Stephen Colbert, the host of Comedy Central’s The Colbert Report, claims that politicians who appear on his show will become more popular and are more likely to win elections. Although online discussions cite anecdotal evidence in support of his claim, it has never been scrutinized scientifically. In this article I use “facts” (sorry, Stephen) provided by the Federal Election Commission to create a matched control group of candidates who have never appeared on The Colbert Report.
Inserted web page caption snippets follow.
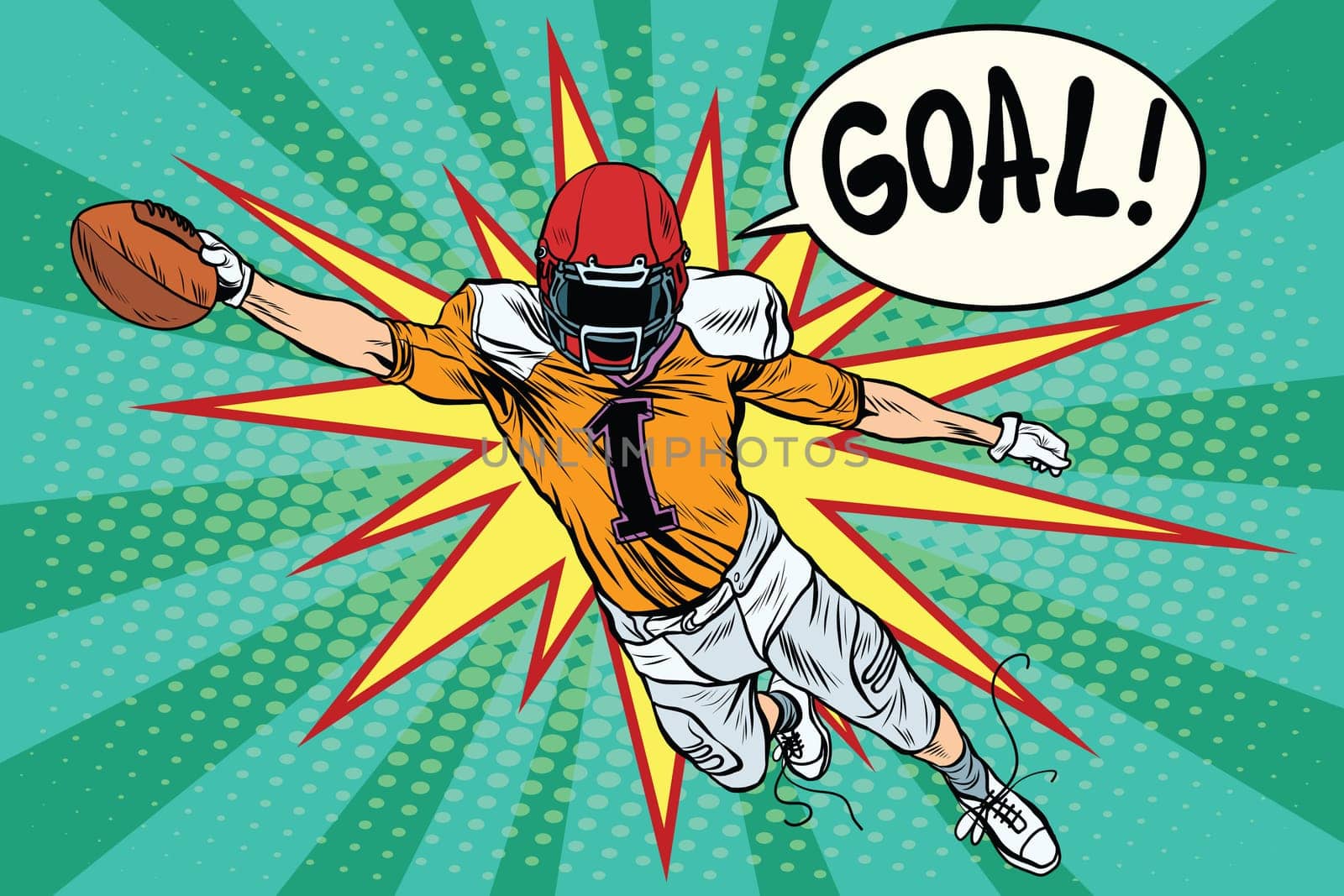 American football athlete ball goal pop art retro style. Retro sport. Sports game. The American football championship. Football Cup. League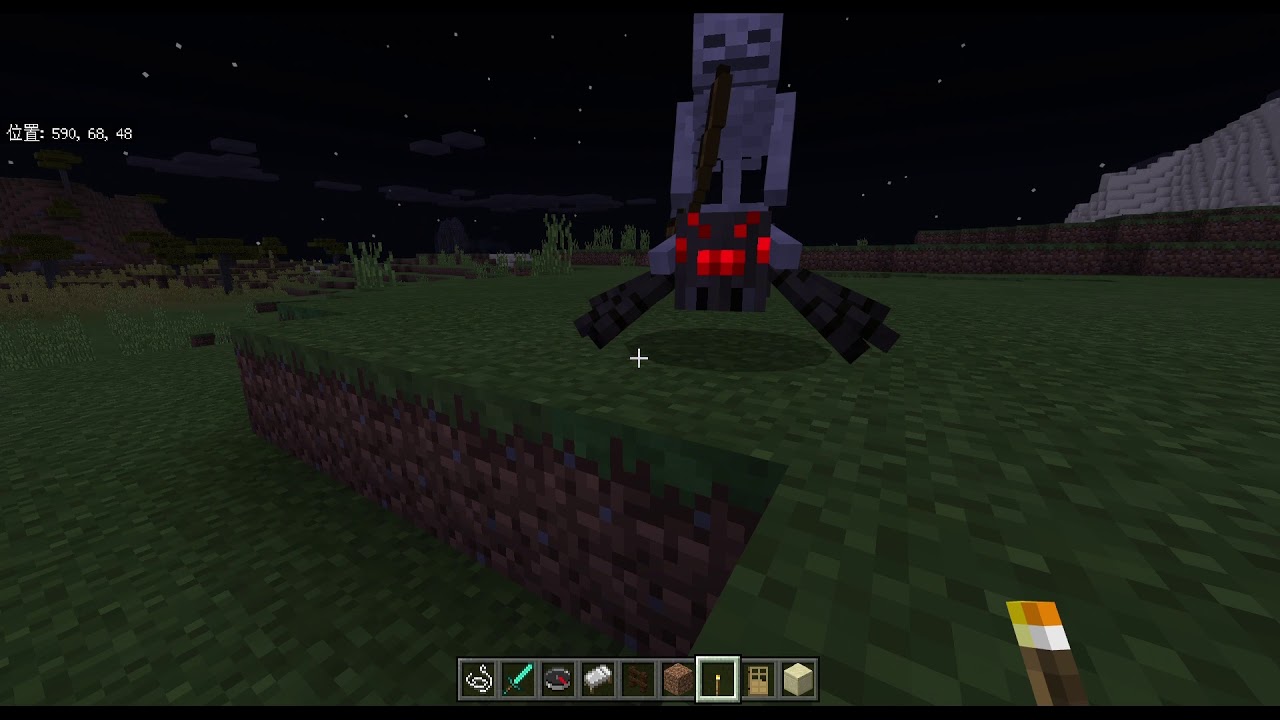 マインクラフト「スケさんクモに乗る♪」(スパイダージョッキーの華麗なるダンス)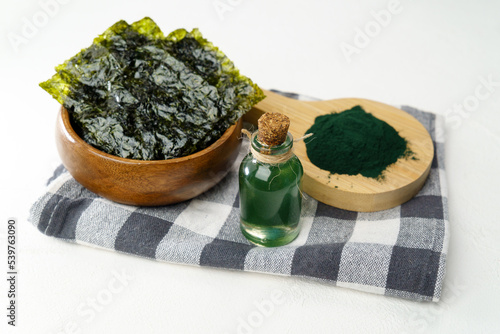 Algae seaweed oil, sustainable concept. Healthy ingredient, selective focus photo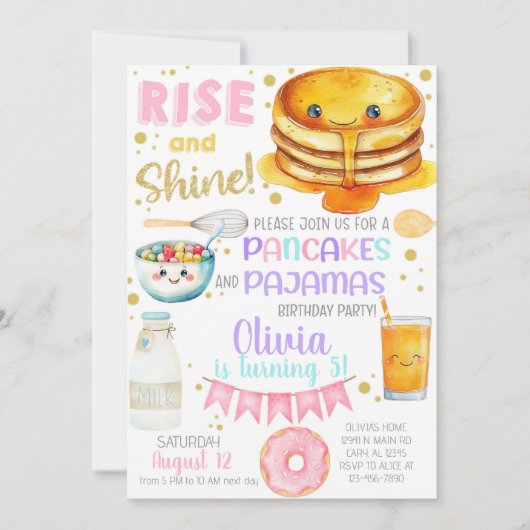 Girl pancakes and pajama birthday party invite. kaart (Voorkant)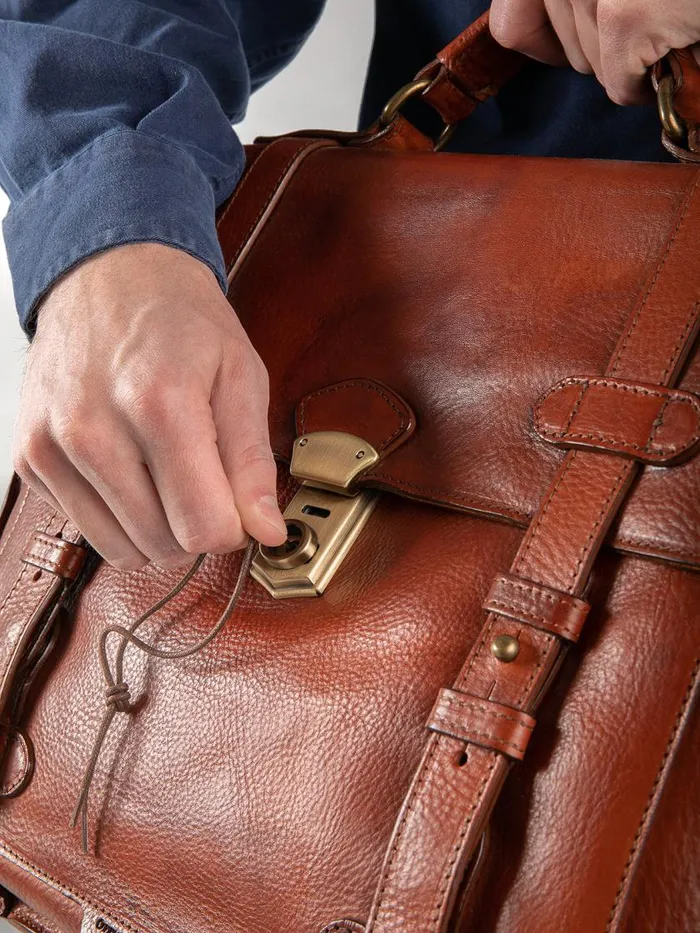 Officine Creative Bags RARE 26 Cuoio Brown Leather Briefcase 8211 Men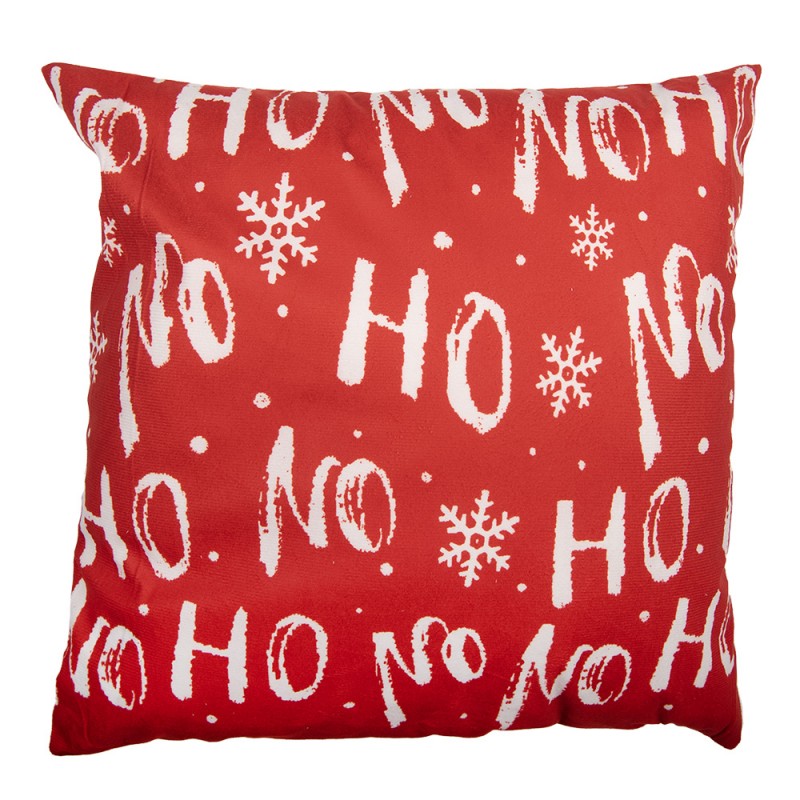 Kissenbezug Kissenhülle ohne Inlet HO HO HO Schriftzug Schneeflocken Rot Weiß 45x45 cm von Clayre & Eef (KT021.463)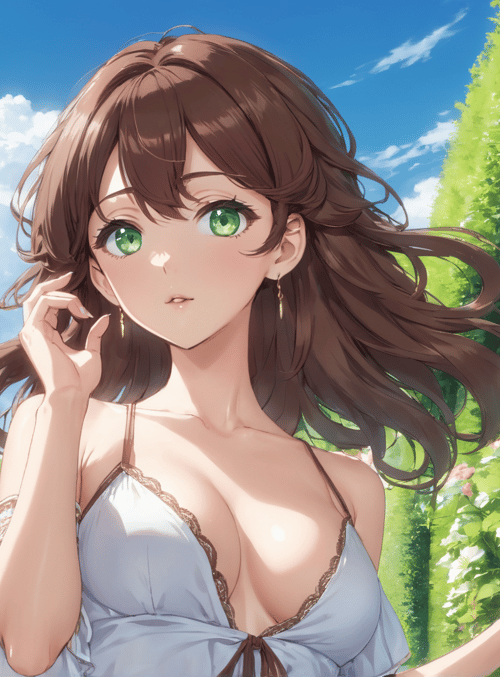 girl, flower, tree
I then compare the personal campaign donations they receive to those received by candidates who have appeared on the program’s segment “Better Know a District.” The results show that Democratic candidates who appear on the Report receive a statistically significant “Colbert bump” in campaign donations, raising 44% more money in a 30-day period after appearing on the show. However, there is no evidence of a similar boost for Republicans. These results constitute the first scientific evidence of Stephen Colbert’s influence on political campaigns.

{ 16 comments }

1

lemuel pitkin 04.05.08 at 3:53 am

Improbable *results*, isn’t it?

2

A 04.05.08 at 8:13 am

The “dip” before and the “bump” after the appearance seem largely to offset each other. Perhaps some donors are aware of the impending appearance and withhold their money until they can be sure their candidate hasn’t been made a fool of.

3

Andrei 04.05.08 at 8:18 am

In “Better know a district” Colbert interviews seated representatives, not “political candidates.” Colbert has claimed the Colbert bump primarily (exclusively?) of candidates. These two (BKAD and the Bump) seem to me to be unrelated features.

4

DB 04.05.08 at 12:00 pm

Couldn’t it also be that “appearing on Colbert” is on the list of “things to do when doomed?” Appearing on Colbert might coincide with many other appearances.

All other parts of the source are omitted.